▶ **Problem requirements**: Would you return, word for word, the lines running from the one with "Fig. 9 Park Method" to the final line of the listing below, pictures omitted?

===== Data supplied =====

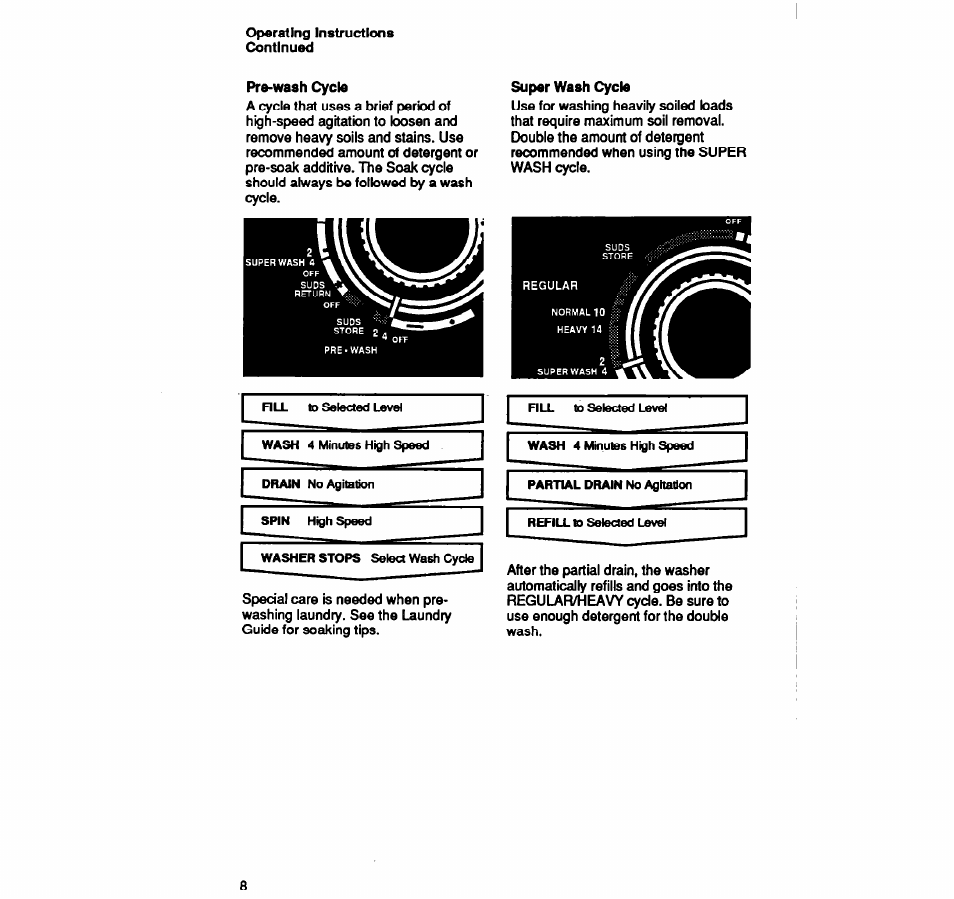 Whirlpool LA5588XY User Manual | Page 8 / 16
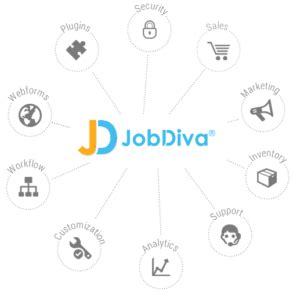 jobdiva api documentation|api.jobdiva.com.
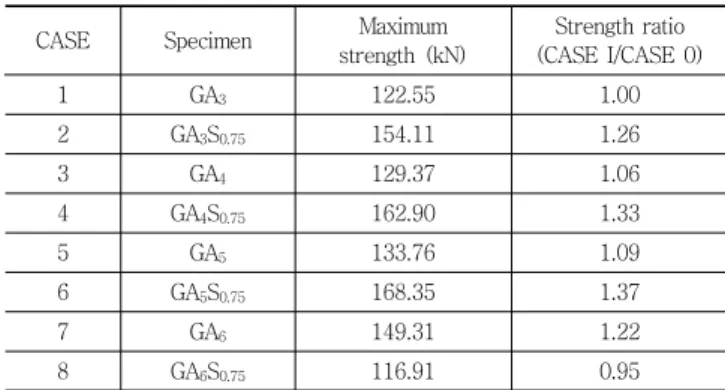 Fig. 9 Park Method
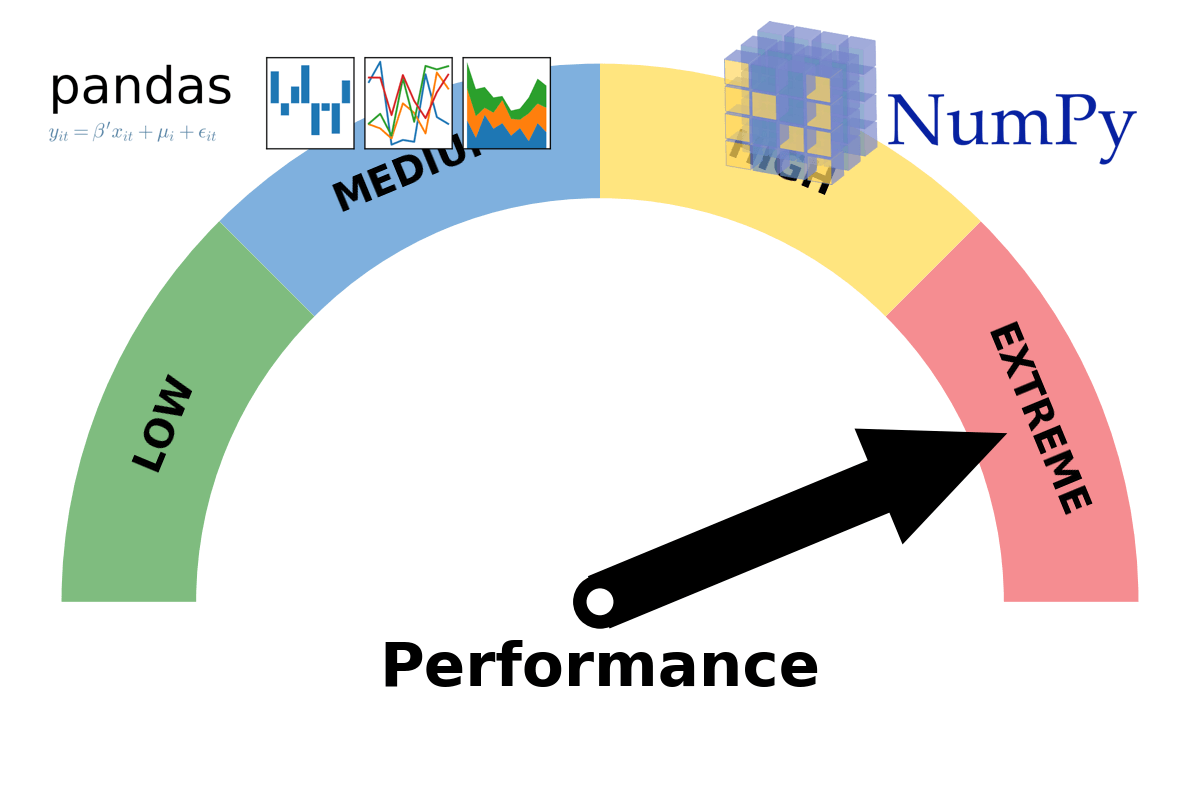 Optimizing code with pandas and NumPy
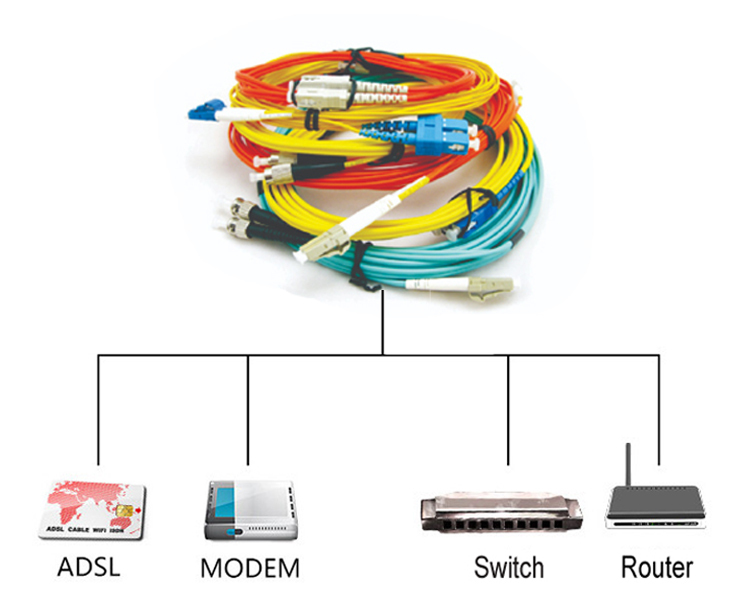 1M 2M 10M Fiber Optic Cable 2mm Duplex Multimode Optic Fiber Patch Cord LC to LC OM3 MM 50/125 Aqua detail 7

=====

▶ **Answer to this problem**:
 Fig. 9 Park Method
 Optimizing code with pandas and NumPy
 1M 2M 10M Fiber Optic Cable 2mm Duplex Multimode Optic Fiber Patch Cord LC to LC OM3 MM 50/125 Aqua detail 7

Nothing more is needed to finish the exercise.